Previous notebook goes through data loading, EDA, and modeling. And web_text is ignored when I build and train the model. I use BERT as encoder, followed by MLP and RNN respectively. The bet model(BERT+RNN) performance on validation data is around 90%.

In this session, I will consider web_text, feed it to the model to see whether it can help boost model accuracy.

Considering web_text is very different from the first three columns, I will encode them respectively using BERT. Then, use MLP or CNN to decode the information.

# Model 3 - BERT + MLP (web_text included)

Very similar to model 1: get the embedded `[cls token] ` of text and web_text separately, and convey them to MLP. 

The only difference from model 1 is: we need to flatten the input dimension at the beginning of MLP.
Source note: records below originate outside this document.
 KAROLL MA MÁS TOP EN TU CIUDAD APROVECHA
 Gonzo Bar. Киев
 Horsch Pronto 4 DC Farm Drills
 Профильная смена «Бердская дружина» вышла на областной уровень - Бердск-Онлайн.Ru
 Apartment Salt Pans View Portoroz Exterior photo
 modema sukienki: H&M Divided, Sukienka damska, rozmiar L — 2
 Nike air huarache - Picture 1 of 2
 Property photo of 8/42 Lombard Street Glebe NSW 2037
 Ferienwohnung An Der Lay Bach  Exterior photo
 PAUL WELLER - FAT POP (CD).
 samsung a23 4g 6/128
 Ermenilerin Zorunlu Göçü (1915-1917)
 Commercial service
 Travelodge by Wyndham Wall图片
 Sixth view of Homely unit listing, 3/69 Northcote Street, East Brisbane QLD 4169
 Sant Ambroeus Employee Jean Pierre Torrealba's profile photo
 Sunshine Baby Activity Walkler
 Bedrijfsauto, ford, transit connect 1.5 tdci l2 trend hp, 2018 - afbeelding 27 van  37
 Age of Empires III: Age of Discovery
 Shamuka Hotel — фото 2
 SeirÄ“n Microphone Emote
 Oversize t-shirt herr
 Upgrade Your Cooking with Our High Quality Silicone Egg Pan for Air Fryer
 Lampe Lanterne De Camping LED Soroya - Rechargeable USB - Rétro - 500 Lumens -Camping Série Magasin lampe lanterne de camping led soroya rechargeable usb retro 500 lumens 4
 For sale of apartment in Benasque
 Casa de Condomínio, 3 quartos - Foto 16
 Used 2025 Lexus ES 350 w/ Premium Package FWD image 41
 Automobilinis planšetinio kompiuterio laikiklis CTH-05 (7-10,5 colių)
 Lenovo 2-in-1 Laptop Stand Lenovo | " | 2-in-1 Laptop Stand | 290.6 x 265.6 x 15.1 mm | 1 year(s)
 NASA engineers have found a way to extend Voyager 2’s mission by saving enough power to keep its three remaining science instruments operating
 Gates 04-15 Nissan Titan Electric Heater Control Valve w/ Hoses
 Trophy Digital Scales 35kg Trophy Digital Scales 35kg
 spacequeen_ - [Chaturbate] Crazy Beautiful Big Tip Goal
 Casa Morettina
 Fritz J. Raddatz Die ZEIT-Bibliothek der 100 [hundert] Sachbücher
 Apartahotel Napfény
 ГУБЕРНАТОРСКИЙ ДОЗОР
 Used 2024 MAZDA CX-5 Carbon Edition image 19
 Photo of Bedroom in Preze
## 1) Train and Test Split

In [1]:
import numpy as np
import pandas as pd

In [2]:
raw = pd.read_csv('interview_case_v4.csv')

In [3]:
df = raw.copy()
df['intact_name'] = df['intact_name'].str.rstrip('.') # remove the periord from the end of string
df = df.fillna('')
df['text'] = df['intact_name'].astype(str)+'. ' +df['SIC8_DESCRIPTION'].astype(str)+'. ' +df['4_Square_Description'].astype(str)
df1 = df[['text','web_text','target_for_prediction']]
df1 = df1.rename(columns={'target_for_prediction':'label'})

In [4]:
df1

Unnamed: 0,text,web_text,label
0,218685 Ontario Inc o/a Swagat Banquet Hall. ba...,"WE'RE MAJESTIC, REGAL, STYLISH& EXPERTS IN ALL...",Restaurant
1,Restaurant Pushap Sucrerie. eating places. sna...,,Restaurant
2,Transport Galf Inc. .,,Trucking & Hauling Service
3,On The Go Courier. . specialized freight (exce...,,Trucking & Hauling Service
4,"1484726 Alberta Ltd. local trucking, without s...",,Trucking & Hauling Service
...,...,...,...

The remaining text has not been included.